Mistakes can get fairly expensive when it comes to dealing with money. Because of this, Bitcoin implemented error detection using checksums to catch attempts to use invalid addresses. Ethereum decided to take more compositional approach and delegate this functionality to higher-level systems, but while they are being created and adopted many users are losing their money. Implementing checksum is fairly easy, but the tricky part is doing it in a backwards compatible way. Take a minute and try to come up with a way to add checksums to Ethereum addresses without changing them. Hint:

Ethereum Addresses are based on the Hexadecimal format (also base16 or hex). [...]. Ethereum addresses are not case sensitive and can be used as lowercase or uppercase. Since addresses are case insensitive, what if we use casing to embed checksum information?
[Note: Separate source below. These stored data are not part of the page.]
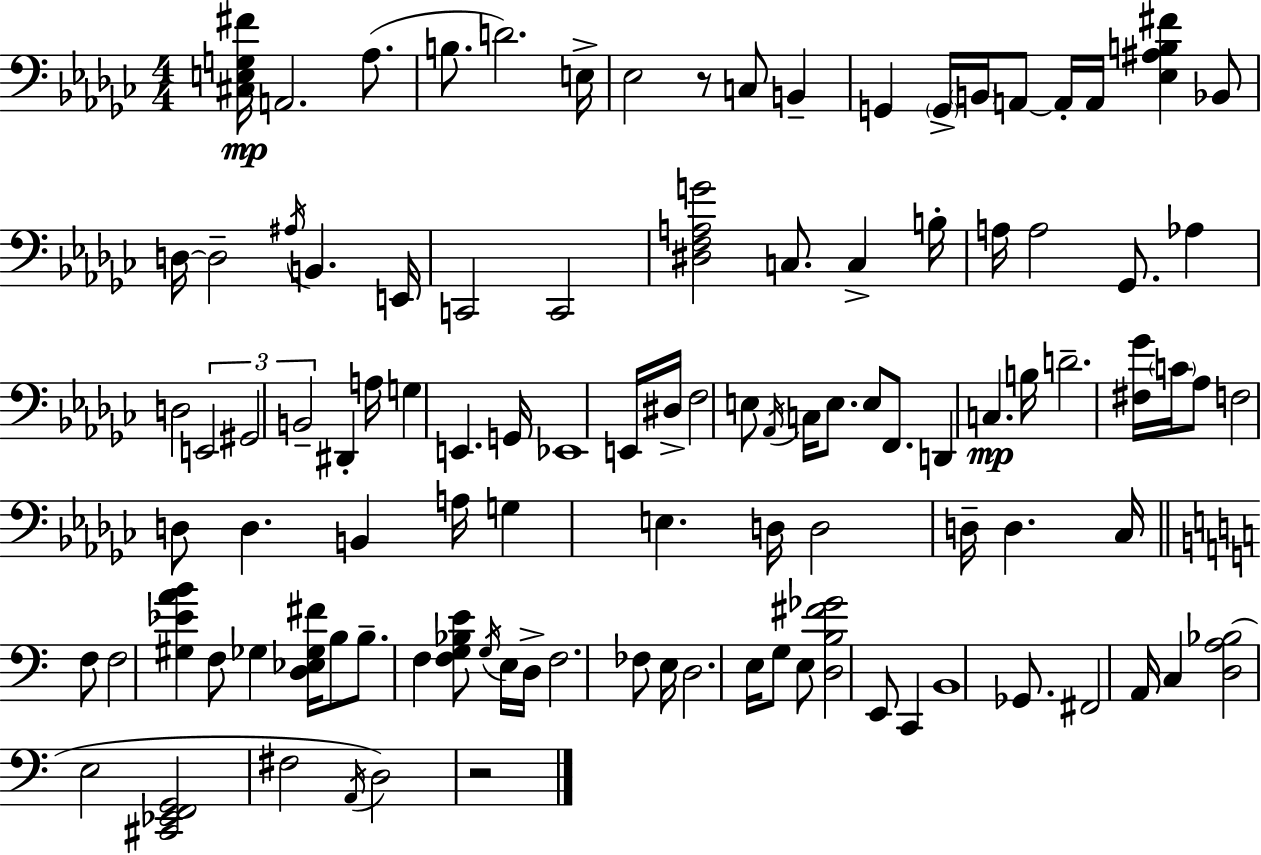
X:1
T:Untitled
M:4/4
L:1/4
K:Ebm
[^C,E,G,^F]/4 A,,2 _A,/2 B,/2 D2 E,/4 _E,2 z/2 C,/2 B,, G,, G,,/4 B,,/4 A,,/2 A,,/4 A,,/4 [_E,^A,B,^F] _B,,/2 D,/4 D,2 ^A,/4 B,, E,,/4 C,,2 C,,2 [^D,F,A,G]2 C,/2 C, B,/4 A,/4 A,2 _G,,/2 _A, D,2 E,,2 ^G,,2 B,,2 ^D,, A,/4 G, E,, G,,/4 _E,,4 E,,/4 ^D,/4 F,2 E,/2 _A,,/4 C,/4 E,/2 E,/2 F,,/2 D,, C, B,/4 D2 [^F,_G]/4 C/4 _A,/2 F,2 D,/2 D, B,, A,/4 G, E, D,/4 D,2 D,/4 D, _C,/4 F,/2 F,2 [^G,_EAB] F,/2 _G, [D,_E,_G,^F]/4 B,/2 B,/2 F, [F,G,_B,E]/2 G,/4 E,/4 D,/4 F,2 _F,/2 E,/4 D,2 E,/4 G,/2 E,/2 [D,B,^F_G]2 E,,/2 C,, B,,4 _G,,/2 ^F,,2 A,,/4 C, [D,A,_B,]2 E,2 [^C,,_E,,F,,G,,]2 ^F,2 A,,/4 D,2 z2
That's exactly what Vitalik proposed in EIP-55:

def checksum_encode(addr): # Takes a 20-byte binary address as input
    hex_addr = addr.hex()
    checksummed_buffer = ""

    # Treat the hex address as ascii/utf-8 for keccak256 hashing
    hashed_address = eth_utils.keccak(text=hex_addr).hex()

    # Iterate over each character in the hex address
    for nibble_index, character in enumerate(hex_addr):

        if character in "0123456789":
            # We can't upper-case the decimal digits
            checksummed_buffer += character
        elif character in "abcdef":
            # Check if the corresponding hex digit (nibble) in the hash is 8 or higher
            hashed_address_nibble = int(hashed_address[nibble_index], 16)
            if hashed_address_nibble > 7:
                checksummed_buffer += character.upper()
            else:
                checksummed_buffer += character
        else:
            raise eth_utils.ValidationError(
                f"Unrecognized hex character {character!r} at position {nibble_index}"
            )

    return "0x" + checksummed_buffer

Basically we are computing a checksum using keccak256 and use its hex representation as a mask to decide whether hex digit of the address should be upper-cased based on a value of the checksum at the same position:

...
            # Check if the corresponding hex digit (nibble) in the hash is 8 or higher
            hashed_address_nibble = int(hashed_address[nibble_index], 16)
            if hashed_address_nibble > 7:
                checksummed_buffer += character.upper()
            else:
                checksummed_buffer += character
...

Older clients ignore the case and don't perform the check, hence backwards compatibility, but newer clients perform the check and detect errors. It's fascinating that such a simple, cheap and backwards compatible technique

On average there will be 15 check bits per address, and the net probability that a randomly generated address if mistyped will accidentally pass a check is 0.0247%. This is a ~50x improvement over ICAP, but not as good as a 4-byte check code.

This underscores the value of specification, since it defines behavior, and is a great example of clever way to embed additional information.